The River Flows Both Ways
Love in fragments, written between lines.

CONFIDENTIAL FILE
- FROM: C.
- TO: Iris Obscura
- DATE: February 24, 2025
- SUBJECT: Swan & Aster Files
Iris,
I found this while digging where I shouldn’t have. A love story written in fragments — Swan and Aster, separated by a wall and stitched together with codes.
It reminded me of us.
You, free in the open — and me, tucked away, hidden behind my work, my codes, my lies. Like Swan, I can’t say the things I want to. So, I’m leaving them here, between the lines, hoping you’ll see them.
— C.
-
START OF COMMUNIQUÉ
Berlin, 1962.
The city bleeds concrete and barbed wire, its spine snapped by a wall that wasn’t there last year. On one side, grey faces and grey uniforms. On the other, neon flickers and jazz that never quite drowns out the sound of boots.
She’s East — Swan, a Stasi informant with sharp eyes and sharper secrets.
He’s West — Aster, an MI6 agent who drinks his coffee black and his lies even darker.
Aster works both sides of the border.
Swan is trapped.
They don’t have the luxury of long letters or tender confessions. Just fragments — tucked in books, hidden in bricks, or smuggled through forbidden airwaves.
One wrong word, and they’re finished.
Now read on:
COMMUNIQUÉ ONE: The Photographic Message
Leipziger Straße – Sunday Market
Aster’s camera clicks, each shot another lie. Ostensibly, he’s documenting daily life in East Berlin — markets, workers, children. But his real focus is the Stasi agents hiding in plain sight.
Through his lens, he spots her — Swan — selling lilies at a flower stall, wearing the blank face of a loyal citizen. Their eyes meet through the glass. A moment too long.
Later, in his darkroom, he notices something off in one photo: a folded note nestled within her bouquet. He enlarges the image until the words appear:
“The river flows both ways. Watch for the bridge.”
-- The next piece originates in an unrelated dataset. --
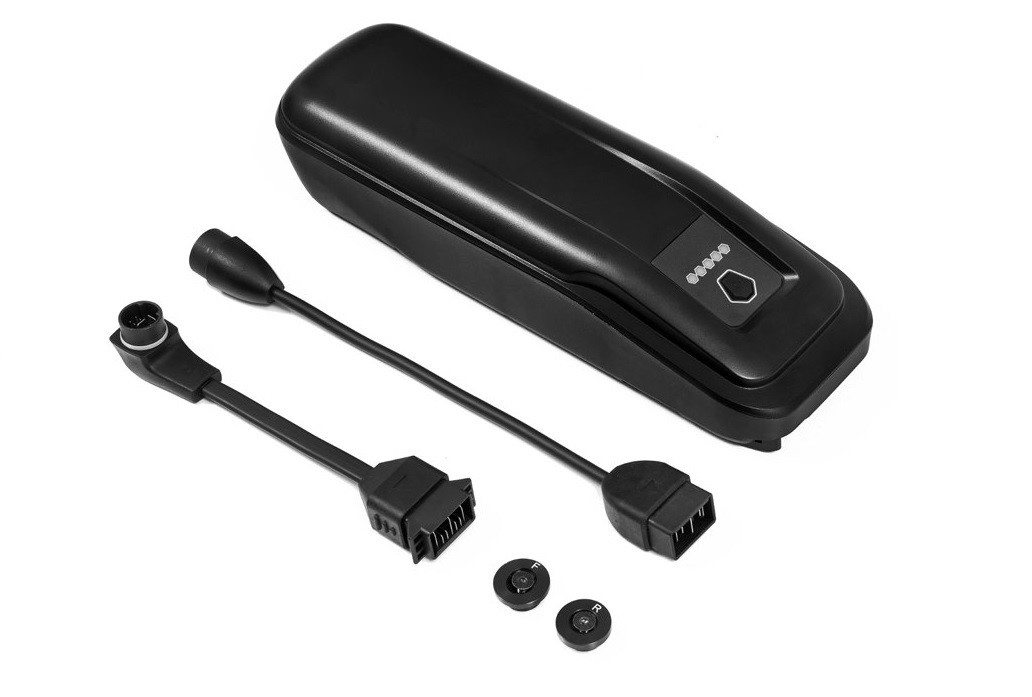 SIMPLO EXTERNAL BATTERY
His response — written on the back of a developed photo, slipped into a hollow frame and smuggled back East:
“Some bridges collapse under too much weight. Will yours hold?”
Bridges. Between cities. Between lives. Between lies.
COMMUNIQUÉ TWO: The Hollowed-Out Book
Humboldt University – Philosophy Department
Goethe’s Faust sits on a shelf — hollowed out, stuffed with microfilm documenting troop movements. But there’s something else inside: a pressed aster flower, delicate, brittle. A token.
Beneath it, a note in her neat script:
“The bloom is fragile, but it persists.”
He slides the flower into his jacket pocket — too soft a thing for the work they do.
His reply comes tucked into a hollowed-out copy of Rilke’s poetry:
“Fragility isn’t weakness. Sometimes it’s what makes it beautiful.”
COMMUNIQUÉ THREE: The Audio Recording
Safehouse – Prenzlauer Berg
Intercepted Stasi communications usually hum with cold static and numbered codes. But this tape is different. Beneath the official chatter, there’s faint humming — then, softly, her voice bleeds through the static, thin and fragile, like light through bullet holes — singing “Lili Marleen”.
A forbidden song.
Hidden under the melody, in barely perceptible Morse code:
“When the light dims, find me where the song lingers.”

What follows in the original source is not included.